Essays on Technology and Culture

The End of Bootleg Betas

Apple is officially letting ordinary users run their beta software. While it’s not the first time Apple’s launched a public beta, they haven’t done it since the move to OS X back in 2000. Siri has bee the only Apple product since OS X released to the public in “Beta” form. Apple’s a very different company now, one that’s “double[d] down on secrecy” to quote Tim Cook. It’s clear this news took a lot of people by surprise.

It’s easy to speculate why Apple’s taking the route of a public beta. Some speculation online has been that it’s to get more diverse bug reporting to prevent some of the same issues that plagued the launch of 10.9 and iOS 7. (Some in the know claim Apple will be making the iOS 8 beta public, but we’ll see come WWDC.) That’s a good reason, but I think there might be another issue at play. iOS 7 got a lot of attention at its announcement, and there were plenty of ordinary users circumventing the developer restrictions to get it on their phones. Enough to spawn an angry editorial from Rene Ritchie at iMore. Even I downloaded the GM of iOS 7 before the official release. [1]

So, if ordinary, clueless users are installing this stuff anyway, why not legitimize it and get some bug reports and data out of it to make the final better? Makes sense to me, and there’s enough disclaimers on the Beta Seed Program page to hopefully scare off some people. It’s necessary, because in recent years, the word “beta” attached to a piece of software has become irrelevant. Flickr, gMail, and Siri were all shipped out as “beta” to consumers who almost certainly were unaware of the connotations. Many online services live in a perpetual beta, constantly changing features, fixing bugs, and introducing new bugs.

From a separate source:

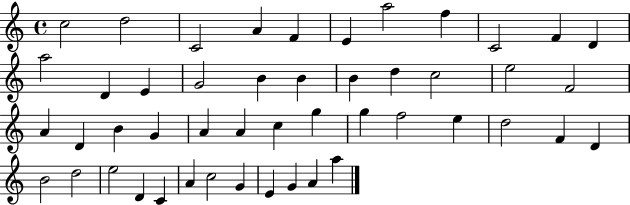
C5/h D5/h C4/h A4/q F4/q E4/q A5/h F5/q C4/h F4/q D4/q A5/h D4/q E4/q G4/h B4/q B4/q B4/q D5/q C5/h E5/h F4/h A4/q D4/q B4/q G4/q A4/q A4/q C5/q G5/q G5/q F5/h E5/q D5/h F4/q D4/q B4/h D5/h E5/h D4/q C4/q A4/q C5/h G4/q E4/q G4/q A4/q A5/q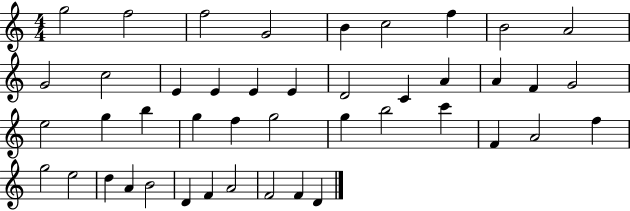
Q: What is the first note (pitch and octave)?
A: G5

The dream for a lot of Apple users would be for the Beta Seed Program to be the first step towards a move away from annual, iterative software releases to regular, ongoing updates, at least to their backend services. It’s probably too soon to say that this is the case, but recent updates to iWork for iCloud suggest they might be moving that direction. Apple’s a small company compared to a lot of their peers, but they’re still a big ship, and they’ll be hard to turn. I might be reading a bit too much into the tea leaves, but I can hope this is the start of a new, more agile and responsive Apple that won’t have their newest flagship mobile OS crash to a white logo every hour.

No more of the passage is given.